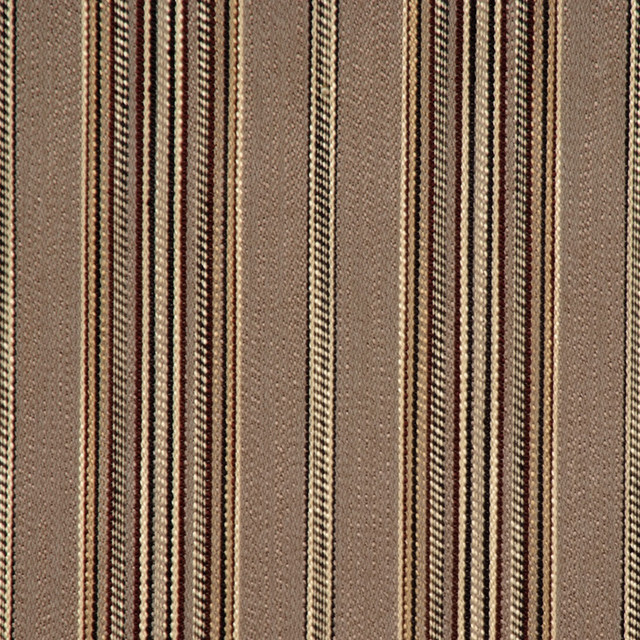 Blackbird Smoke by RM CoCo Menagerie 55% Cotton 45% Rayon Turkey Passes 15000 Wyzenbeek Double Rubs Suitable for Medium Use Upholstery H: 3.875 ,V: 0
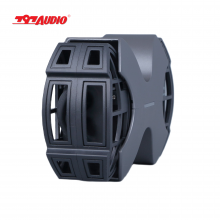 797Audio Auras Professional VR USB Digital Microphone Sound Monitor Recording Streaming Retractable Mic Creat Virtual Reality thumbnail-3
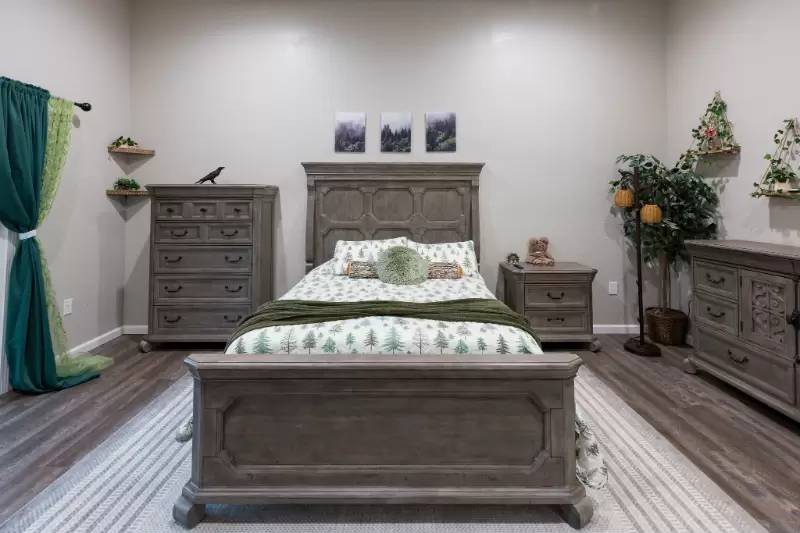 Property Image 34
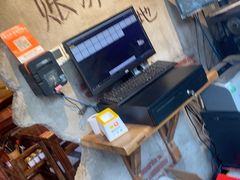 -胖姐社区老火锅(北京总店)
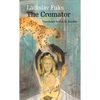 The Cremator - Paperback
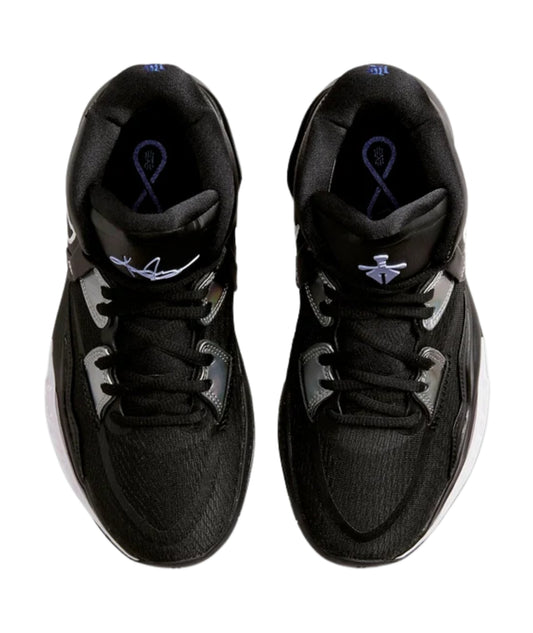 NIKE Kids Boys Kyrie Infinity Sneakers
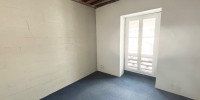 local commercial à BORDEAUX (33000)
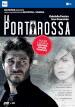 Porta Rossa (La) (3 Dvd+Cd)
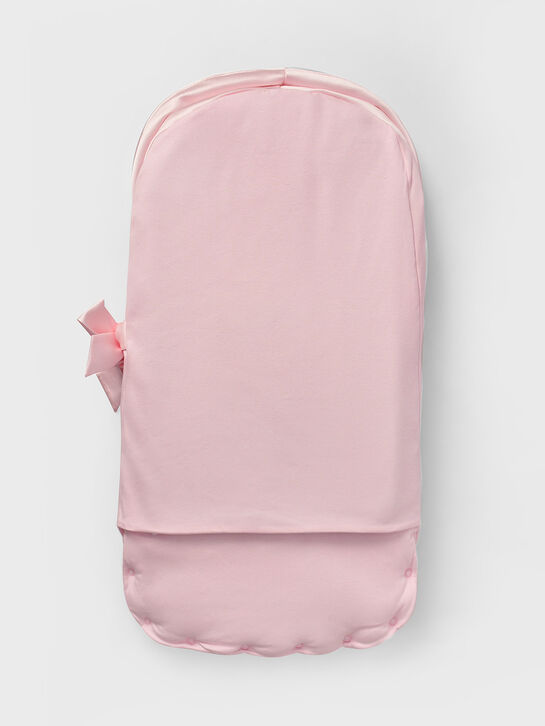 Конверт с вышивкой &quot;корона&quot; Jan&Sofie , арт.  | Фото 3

Work required:
Repeat all the records exactly, images excluded.

Solution for this task:
 Blackbird Smoke by RM CoCo Menagerie 55% Cotton 45% Rayon Turkey Passes 15000 Wyzenbeek Double Rubs Suitable for Medium Use Upholstery H: 3.875 ,V: 0
 797Audio Auras Professional VR USB Digital Microphone Sound Monitor Recording Streaming Retractable Mic Creat Virtual Reality thumbnail-3
 Property Image 34
 -胖姐社区老火锅(北京总店)
 The Cremator - Paperback
 NIKE Kids Boys Kyrie Infinity Sneakers
 local commercial à BORDEAUX (33000)
 Porta Rossa (La) (3 Dvd+Cd)
 Конверт с вышивкой &quot;корона&quot; Jan&Sofie , арт.  | Фото 3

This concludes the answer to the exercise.